# AMD AI Compute Observatory - Custom Collectors

This notebook demonstrates how to create custom data collectors for specialized profiling needs.

Â© 2026 Sudheer Ibrahim Daniel Devu. All Rights Reserved.

## Setup

In [None]:
import aaco
from aaco.collectors import BaseCollector
import time
import numpy as np

print(f"AACO version: {aaco.__version__}")

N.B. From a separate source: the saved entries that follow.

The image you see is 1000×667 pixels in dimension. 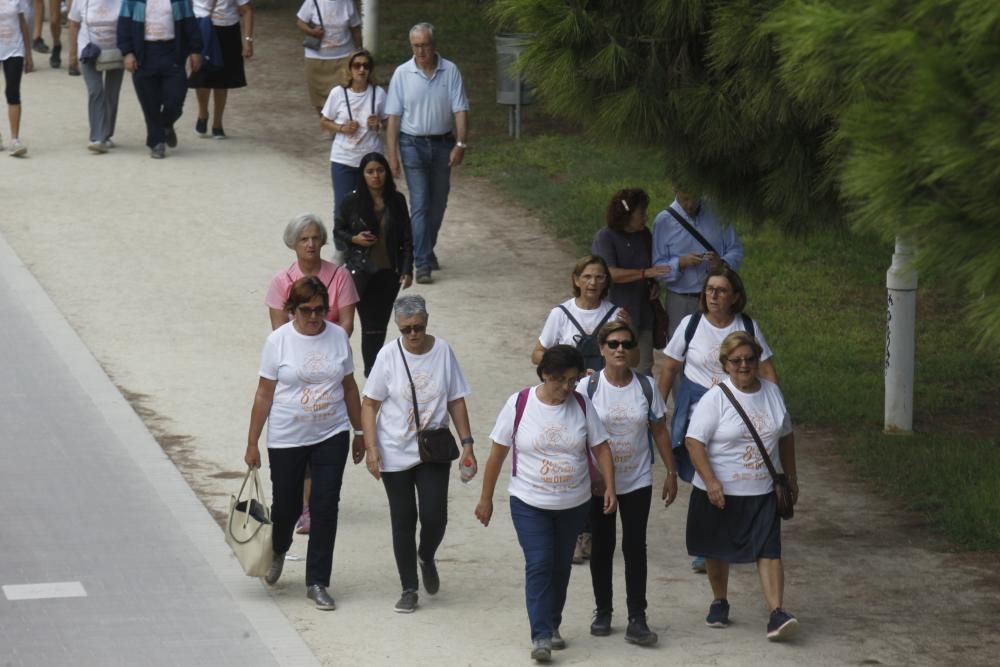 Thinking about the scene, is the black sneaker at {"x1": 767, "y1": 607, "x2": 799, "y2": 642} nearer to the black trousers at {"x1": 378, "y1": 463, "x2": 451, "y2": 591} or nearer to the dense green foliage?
the black trousers at {"x1": 378, "y1": 463, "x2": 451, "y2": 591}

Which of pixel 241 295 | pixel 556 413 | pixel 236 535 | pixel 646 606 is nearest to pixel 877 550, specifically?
pixel 646 606

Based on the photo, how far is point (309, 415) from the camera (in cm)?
889

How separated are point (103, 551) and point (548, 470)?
2.67 m

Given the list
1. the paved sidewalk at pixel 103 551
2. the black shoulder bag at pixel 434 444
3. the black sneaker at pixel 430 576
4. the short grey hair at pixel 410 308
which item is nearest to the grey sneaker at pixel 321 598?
the paved sidewalk at pixel 103 551

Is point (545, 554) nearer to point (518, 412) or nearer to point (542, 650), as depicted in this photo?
point (542, 650)

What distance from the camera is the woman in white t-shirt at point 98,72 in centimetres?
1761

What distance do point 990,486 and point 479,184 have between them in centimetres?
845

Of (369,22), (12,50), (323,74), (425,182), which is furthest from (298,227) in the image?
(369,22)

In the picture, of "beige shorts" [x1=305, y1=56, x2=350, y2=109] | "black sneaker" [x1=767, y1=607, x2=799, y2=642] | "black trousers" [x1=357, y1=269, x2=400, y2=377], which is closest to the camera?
"black sneaker" [x1=767, y1=607, x2=799, y2=642]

## The BaseCollector Interface

All collectors in AACO inherit from `BaseCollector` and implement these methods:

- `start()` - Begin data collection
- `stop()` - End data collection
- `reset()` - Clear collected data
- `get_results()` - Return collected data

In [None]:
# View the BaseCollector interface
from abc import ABC, abstractmethod

class BaseCollector(ABC):
    """Abstract base class for all data collectors."""
    
    def __init__(self):
        self._data = {}
    
    @abstractmethod
    def start(self) -> None:
        """Begin collecting data."""
        pass
    
    @abstractmethod
    def stop(self) -> None:
        """Stop collecting data."""
        pass
    
    @abstractmethod
    def reset(self) -> None:
        """Clear all collected data."""
        pass
    
    @abstractmethod
    def get_results(self) -> dict:
        """Return collected data."""
        pass

## Creating a Custom Collector

Let's create a collector that tracks CPU usage during profiling.

In [None]:
import psutil
import threading

class CPUUsageCollector(BaseCollector):
    """Collector for CPU usage metrics."""
    
    def __init__(self, interval: float = 0.1):
        """
        Initialize the CPU usage collector.
        
        Args:
            interval: Sampling interval in seconds
        """
        super().__init__()
        self.interval = interval
        self._samples = []
        self._running = False
        self._thread = None
    
    def _sample(self):
        """Background thread for sampling."""
        while self._running:
            self._samples.append({
                "timestamp": time.time(),
                "cpu_percent": psutil.cpu_percent(interval=None),
                "cpu_count": psutil.cpu_count(),
                "memory_percent": psutil.virtual_memory().percent,
            })
            time.sleep(self.interval)
    
    def start(self):
        """Start collecting CPU metrics."""
        self._running = True
        self._thread = threading.Thread(target=self._sample)
        self._thread.daemon = True
        self._thread.start()
    
    def stop(self):
        """Stop collecting CPU metrics."""
        self._running = False
        if self._thread:
            self._thread.join(timeout=1.0)
    
    def reset(self):
        """Clear all samples."""
        self._samples = []
    
    def get_results(self) -> dict:
        """Return collected CPU metrics."""
        if not self._samples:
            return {}
        
        cpu_values = [s["cpu_percent"] for s in self._samples]
        mem_values = [s["memory_percent"] for s in self._samples]
        
        return {
            "sample_count": len(self._samples),
            "cpu_mean": np.mean(cpu_values),
            "cpu_max": np.max(cpu_values),
            "cpu_min": np.min(cpu_values),
            "memory_mean": np.mean(mem_values),
            "samples": self._samples,
        }

print("CPUUsageCollector defined!")

## Using the Custom Collector

In [None]:
# Create collector instance
cpu_collector = CPUUsageCollector(interval=0.05)  # Sample every 50ms

# Start collection
cpu_collector.start()

# Simulate some CPU workload
import math
for i in range(100000):
    _ = math.sin(i) * math.cos(i)

# Stop collection
cpu_collector.stop()

# Get results
results = cpu_collector.get_results()
print(f"Samples collected: {results['sample_count']}")
print(f"CPU Usage - Mean: {results['cpu_mean']:.1f}%, Max: {results['cpu_max']:.1f}%, Min: {results['cpu_min']:.1f}%")
print(f"Memory Usage - Mean: {results['memory_mean']:.1f}%")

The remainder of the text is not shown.